Their ride can be improved by using a higher dead rise angle leading to a deep “vee” form. Current practices favor round bilges for lower power demands at cruising speed and sea kindness, with the adaptation of hard chines for Froude numbers above unity for better stability. One advantage of round bilges for sea keeping is that it can be fitted more readily with bilge keels to reduce rolling.
2. Multi-Hulled Vessels
These include sailing catamarans, trimarans, off-shore rigs, diving support vessels, and ferries. Catamarans are not new as two twin-hulled paddle steamers of 90m were built in the 1870 for cross channel service.
They were liked by passengers for their sea keeping qualities, but were overtaken fairly soon by other developments. Their greater wetted hulls can have reduced resistance at high speed, sometimes assisted by interference effect between two the two hulls. A hull separation of about 1.25 times the beam of each hull is reasonable in a catamaran and maneuverability is good.
High transverse stability and relatively short length means the sea keeping is not always good. This has been improved in the wave piercing catamarans developed to reduce the pitching and in the SWATH (Small Waterplane Area Twin Hull) design where the water plane area is very much reduced and a larger part of the displaced water volume is well below the water line. The longitudinal motions can be reduced by using fins or stabilizers.

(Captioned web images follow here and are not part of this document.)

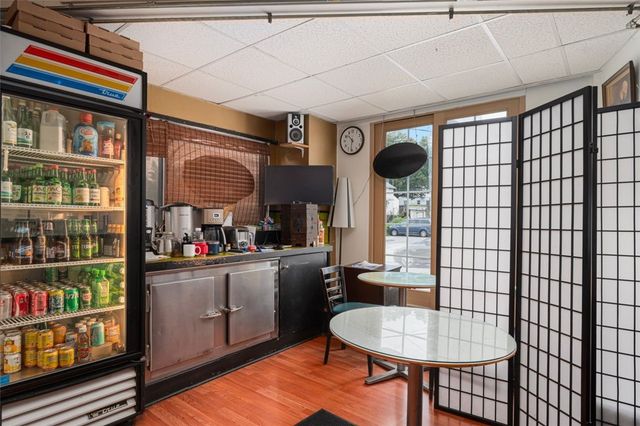 95 Warren Avenue, East Providence, RI 02914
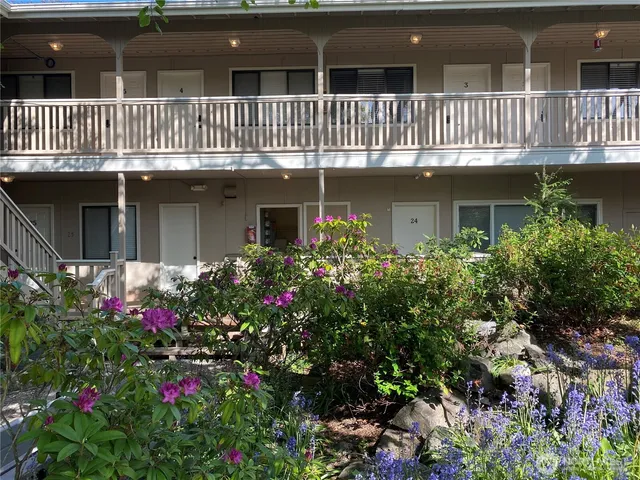 a view of a chair and bench in the porch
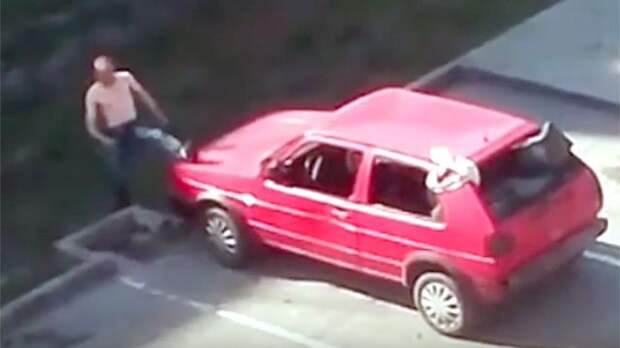 Разъяренный полуголый мужчина, прыгающий на капоте авто, попал на видео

As a development of twin hull vessels and many designs studies indicated many advantage with no significant disadvantages, comparisons of mono-hull with multi-hull craft are difficult. Designs of each type should be strictly optimized to meet the stated requirements.
3. High Speed Craft
These may have civil or military application, so they are considered before going on to consider specific warship types. A number of hull configuration and propulsion system are discussed; each is designed to overcome problems with other types or to confer some desired advantage. Thus catamarans avoid the loss of stability at high speed suffered by a round bilge mono-hull. They also provide a large deck area for passengers. Hydrofoil craft benefit from reduced resistance by lifting the main hull clear of the water.

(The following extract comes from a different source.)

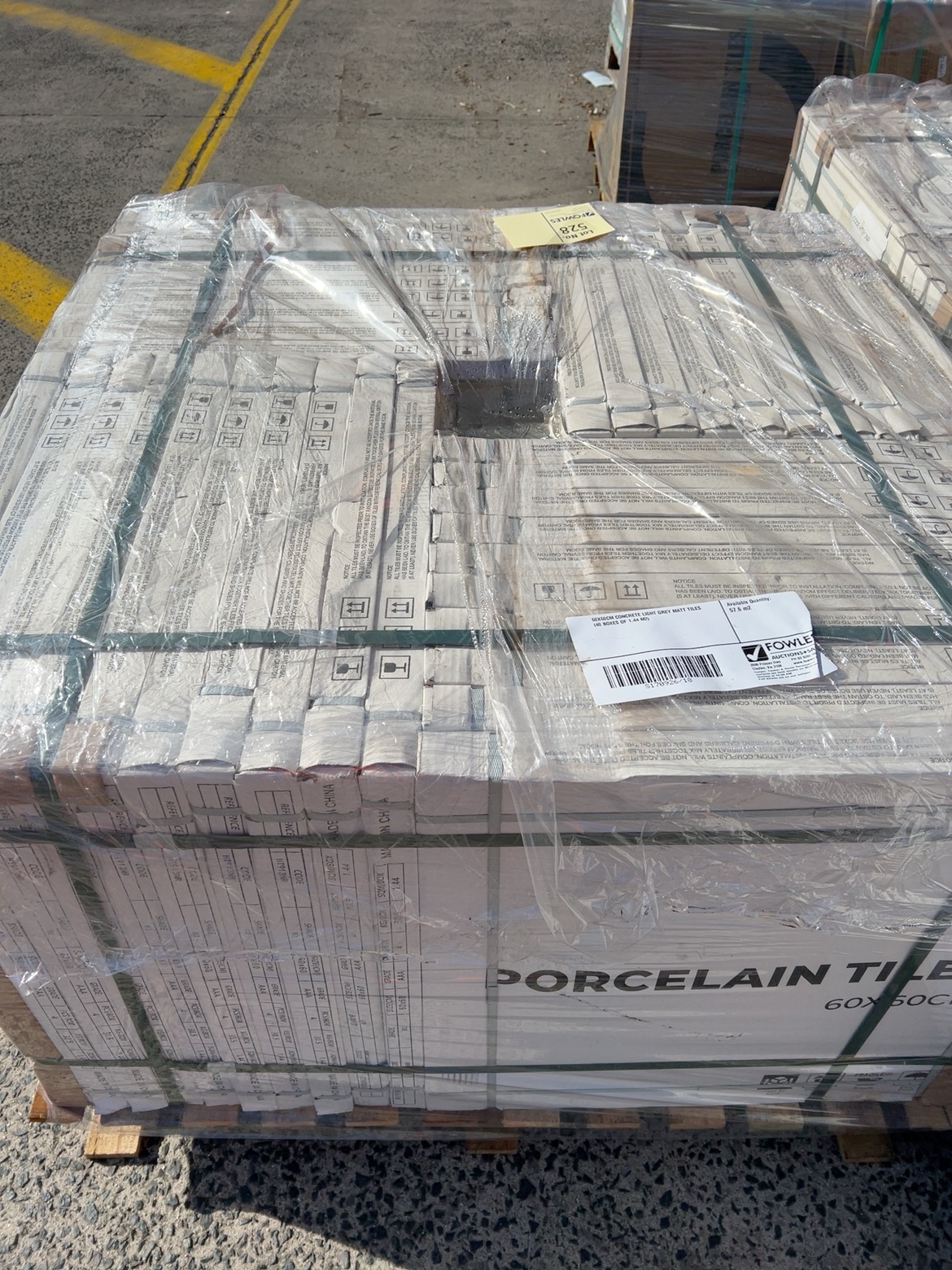 60X60CM CONCRETE LIGHT GREY MATT TILES (40 BOXES OF 1.44 M2) 60X60CM CONCRETE LIGHT GREY MATT TILES (40 BOXES OF 1.44 M2)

The effect of waves on performance is minimized in the SWATH concept. Some craft are designed to reduce wash so that they can operate at higher speeds in restricted waters. Although most applications of these concepts have been initially to smaller craft, some are now employed in the medium size boats, especially for high speed ferry services.
In commercial applications they can be applicable with any of the special characteristics as mentioned above in the deciding factor in the adaptation of a particular hull form. By doing the changes in the hull forms we ultimately try to increase the “Transport Efficiency Factor” which is the ratio between the product of pay load and speed to the total installed power.
So we can use any one of the above new technologies in building the future sailboats keeping the “Transport Efficiency” factor in mind.